Come annodare i sandali alla schiava alla caviglia: il metodo rapido

Se preferisci un look pulito che si ferma alla caviglia — perfetto per i modelli flat da spiaggia o per le giornate più casual — segui questa variante veloce per annodare i sandali alla schiava senza che si allentino:

  1. Incrocia i lacci una volta davanti alla caviglia, tirando bene per creare tensione.
  2. Avvolgi ciascun laccio attorno alla caviglia una volta, passandolo dietro al tendine d’Achille.
  3. Riporta i lacci davanti e fai un nodo doppio o un fiocco ben stretto sul lato interno o esterno della caviglia.

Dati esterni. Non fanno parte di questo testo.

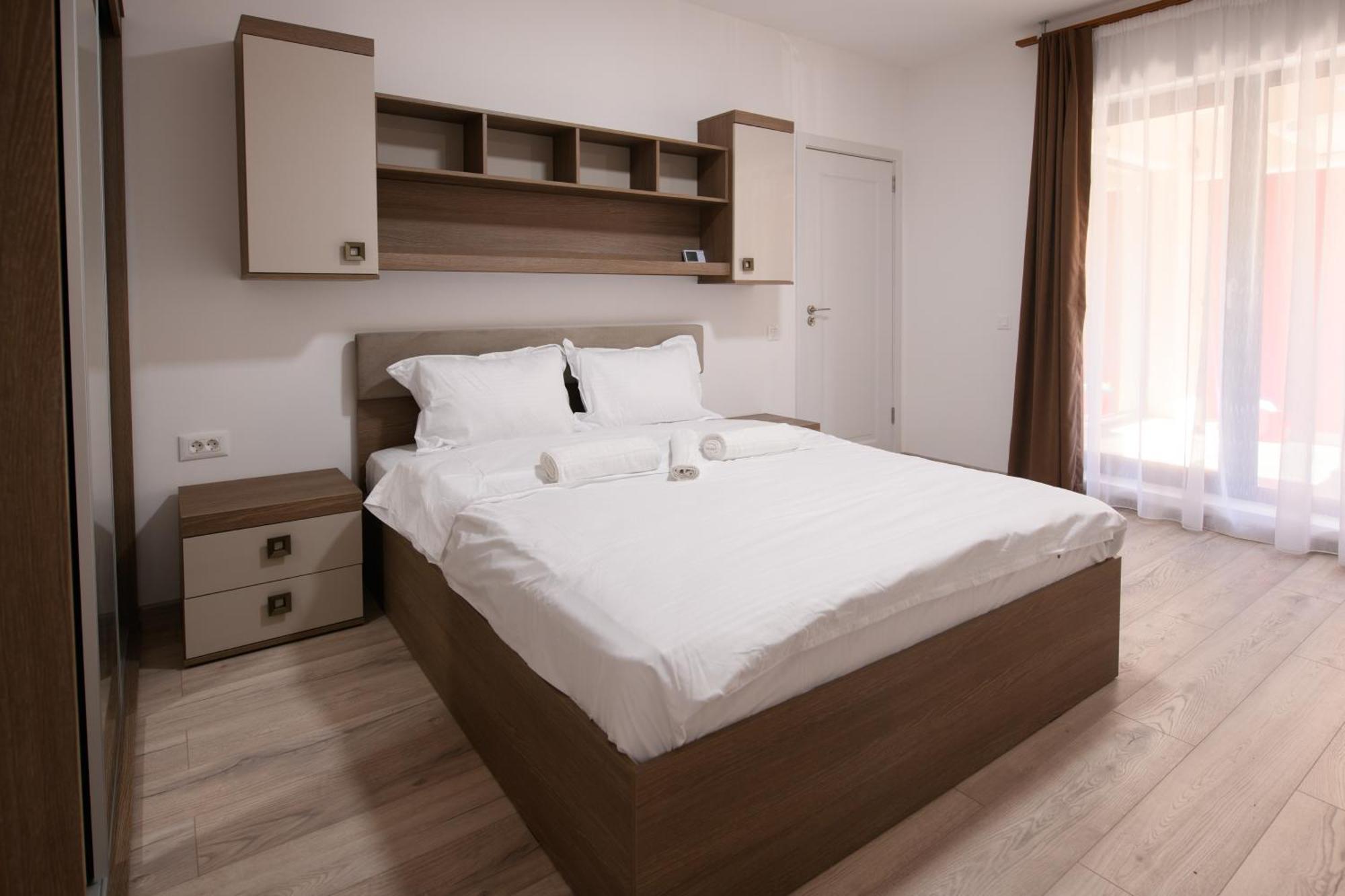 Smart Living Plaza Apartment *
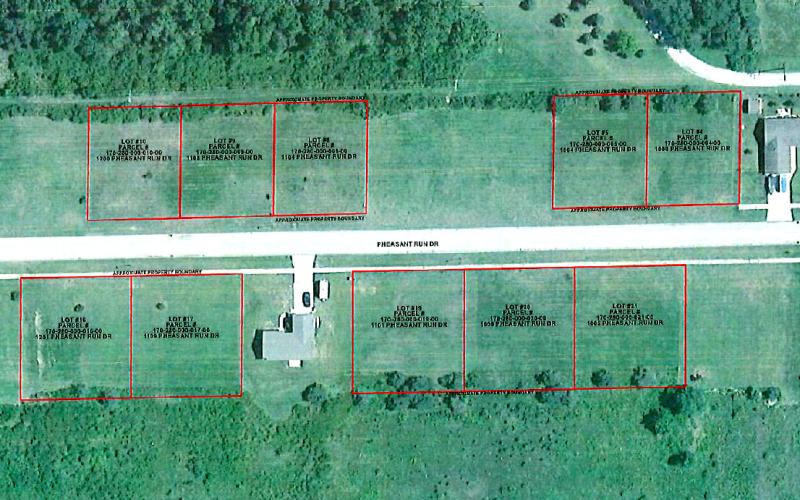 This map shows the properties available for Deshano to build homes on Pheasant Run Drive.
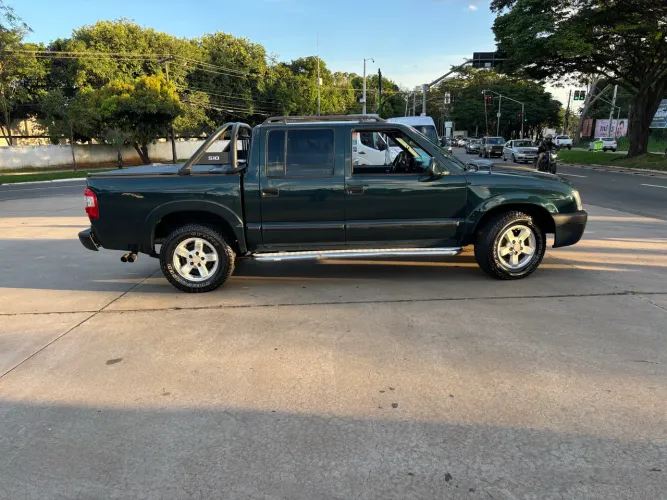 Chevrolet S10 Blazer DLX 2.8 4X4 TB Interc. Diesel 2004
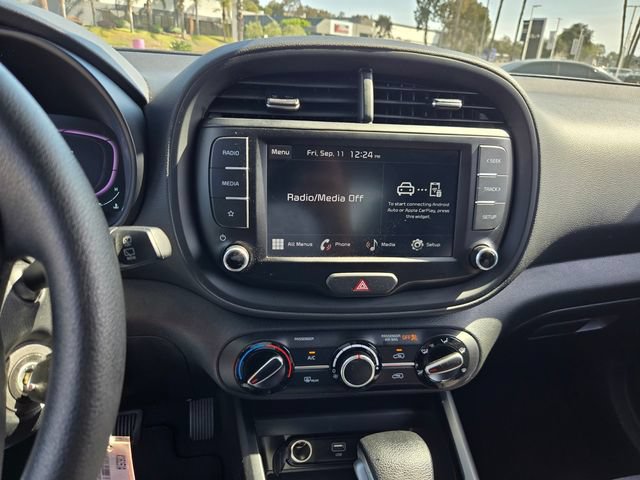 Used 2024 Kia Soul LX w/ Option Group 015 FWD image 18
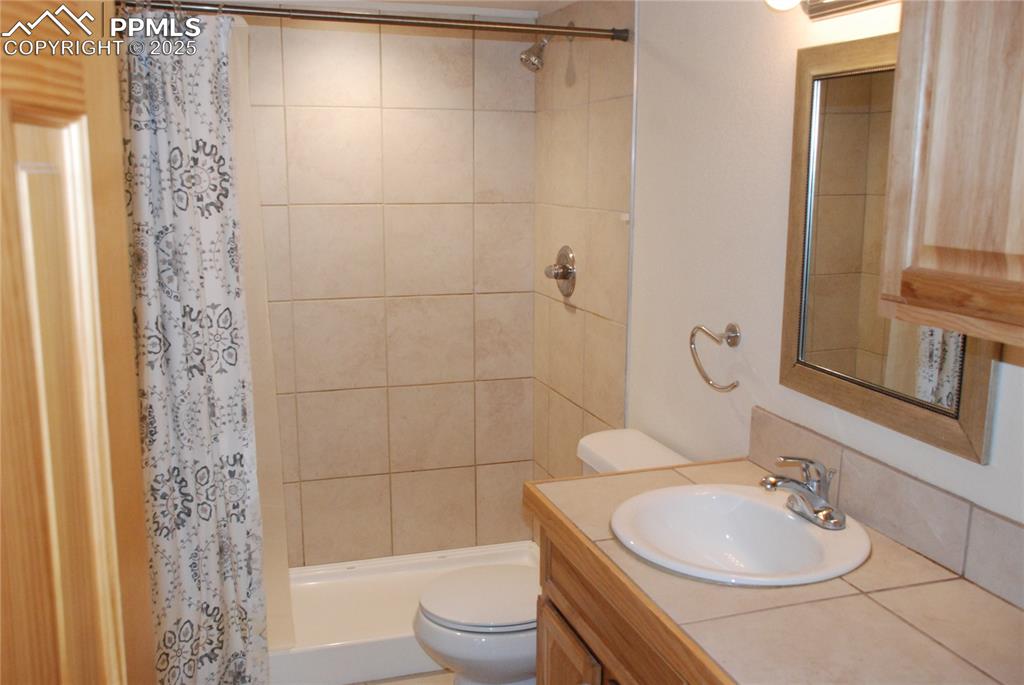 Full bathroom on main level.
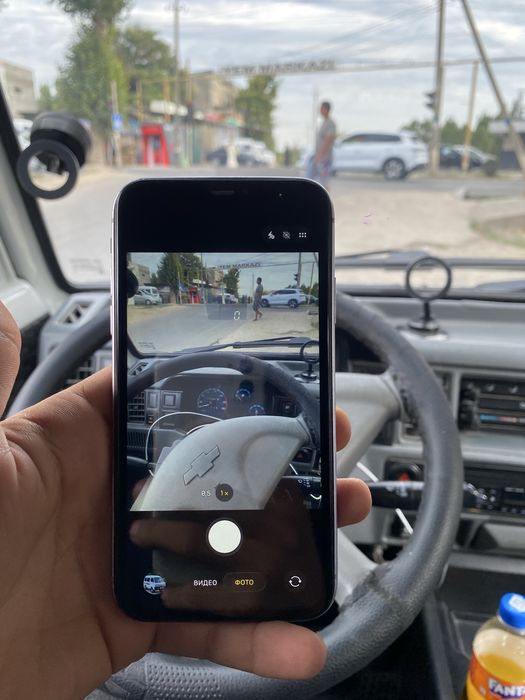 Iphone 11 sotiladi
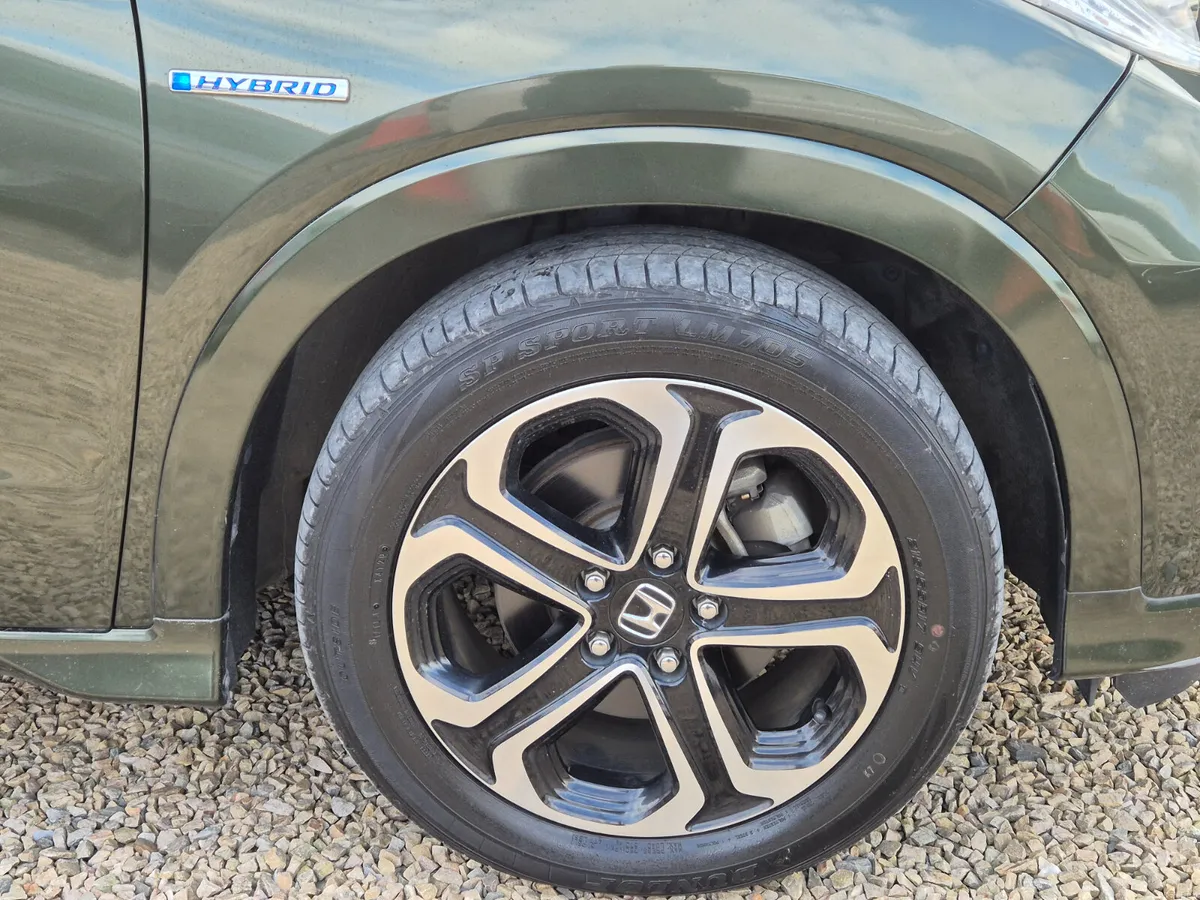 HONDA VEZEL HYBRID (TOP SPEC) - Image 4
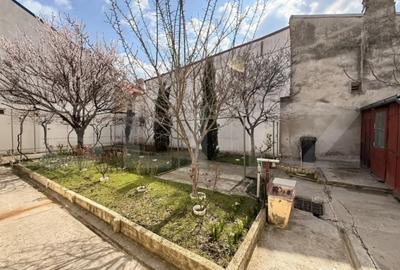 Spațiu comercial, de 134 mp, în Central - 15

Questo metodo sfrutta il giro attorno alla caviglia come punto di ancoraggio naturale: il laccio non ha modo di scendere perché è letteralmente bloccato dalla struttura ossea. Ideale anche per chi ha la caviglia sottile e trova che i lacci tendano a girare su se stessi.

Trucco alternativo: l’intreccio basso per lacci più corti

Se i tuoi sandali alla schiava hanno i lacci più corti o preferisci un look che si ferma alla caviglia, puoi ricreare l’intreccio più in basso, prima del polpaccio. In questo modo il tessuto è sottoposto a meno movimento e i lacci reggono ancora meglio. Questo metodo è perfetto anche per i modelli flat da spiaggia, dove la leggerezza del materiale tende a cedere più facilmente.

Come allacciare i sandali alla schiava alti fino al ginocchio

Per i modelli con i lacci che salgono fino al polpaccio o sotto al ginocchio — quelli più scenografici e amatissimi nelle tendenze di questa estate — la tecnica è la stessa, ma con qualche accorgimento in più:

  • Alterna la direzione dell’intreccio ogni due giri per distribuire meglio la tensione e impedire che i lacci ruotino su se stessi.
  • Se il polpaccio è più largo della caviglia, non stringere troppo in alto: la pressione farebbe scendere i lacci verso il basso. Meglio una tensione moderata e un nodo doppio ben posizionato.
  • Per un effetto più ordinato, tieni i lacci paralleli e piatti durante la salita, senza lasciarli attorcigliare.
  • Se i lacci sono molto lunghi, puoi fare un giro extra attorno al polpaccio prima del nodo finale: l’attrito aggiuntivo blocca tutto in posizione per ore.
  • Scegli il punto di chiusura leggermente sotto la parte più larga del polpaccio: lì la circonferenza è più stabile e il nodo non scivolerà verso il basso.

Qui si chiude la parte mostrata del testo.